### [What to work on]
Each line below from the one containing "Happy Halloween Party" through the one containing "Комбинезон черный с" should be output exactly as it stands, and no other line should appear.

══ Materials provided

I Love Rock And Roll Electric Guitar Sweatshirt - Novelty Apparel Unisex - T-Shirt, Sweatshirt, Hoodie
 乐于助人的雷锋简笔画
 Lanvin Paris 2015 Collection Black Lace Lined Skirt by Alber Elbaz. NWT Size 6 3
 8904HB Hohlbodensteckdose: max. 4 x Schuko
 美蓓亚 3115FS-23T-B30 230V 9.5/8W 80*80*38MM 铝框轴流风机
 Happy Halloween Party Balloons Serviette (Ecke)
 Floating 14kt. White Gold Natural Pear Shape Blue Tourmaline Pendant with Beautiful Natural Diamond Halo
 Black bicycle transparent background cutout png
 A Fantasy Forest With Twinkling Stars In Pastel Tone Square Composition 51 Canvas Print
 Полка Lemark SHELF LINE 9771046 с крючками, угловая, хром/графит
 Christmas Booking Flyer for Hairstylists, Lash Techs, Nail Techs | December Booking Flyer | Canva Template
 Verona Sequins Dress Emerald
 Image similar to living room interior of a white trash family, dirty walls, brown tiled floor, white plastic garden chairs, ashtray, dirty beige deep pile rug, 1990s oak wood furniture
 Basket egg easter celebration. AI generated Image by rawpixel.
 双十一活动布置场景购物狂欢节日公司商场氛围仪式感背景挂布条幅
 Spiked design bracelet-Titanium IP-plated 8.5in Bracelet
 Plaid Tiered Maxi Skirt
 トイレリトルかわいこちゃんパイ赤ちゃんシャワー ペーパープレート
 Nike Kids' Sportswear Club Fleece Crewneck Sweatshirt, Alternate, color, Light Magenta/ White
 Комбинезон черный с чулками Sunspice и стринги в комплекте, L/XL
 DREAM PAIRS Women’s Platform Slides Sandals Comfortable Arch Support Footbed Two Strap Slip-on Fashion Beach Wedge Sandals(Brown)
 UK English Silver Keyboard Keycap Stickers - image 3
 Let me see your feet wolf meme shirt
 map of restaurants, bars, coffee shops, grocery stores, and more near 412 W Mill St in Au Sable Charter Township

════

### [Solution]
 Happy Halloween Party Balloons Serviette (Ecke)
 Floating 14kt. White Gold Natural Pear Shape Blue Tourmaline Pendant with Beautiful Natural Diamond Halo
 Black bicycle transparent background cutout png
 A Fantasy Forest With Twinkling Stars In Pastel Tone Square Composition 51 Canvas Print
 Полка Lemark SHELF LINE 9771046 с крючками, угловая, хром/графит
 Christmas Booking Flyer for Hairstylists, Lash Techs, Nail Techs | December Booking Flyer | Canva Template
 Verona Sequins Dress Emerald
 Image similar to living room interior of a white trash family, dirty walls, brown tiled floor, white plastic garden chairs, ashtray, dirty beige deep pile rug, 1990s oak wood furniture
 Basket egg easter celebration. AI generated Image by rawpixel.
 双十一活动布置场景购物狂欢节日公司商场氛围仪式感背景挂布条幅
 Spiked design bracelet-Titanium IP-plated 8.5in Bracelet
 Plaid Tiered Maxi Skirt
 トイレリトルかわいこちゃんパイ赤ちゃんシャワー ペーパープレート
 Nike Kids' Sportswear Club Fleece Crewneck Sweatshirt, Alternate, color, Light Magenta/ White
 Комбинезон черный с чулками Sunspice и стринги в комплекте, L/XL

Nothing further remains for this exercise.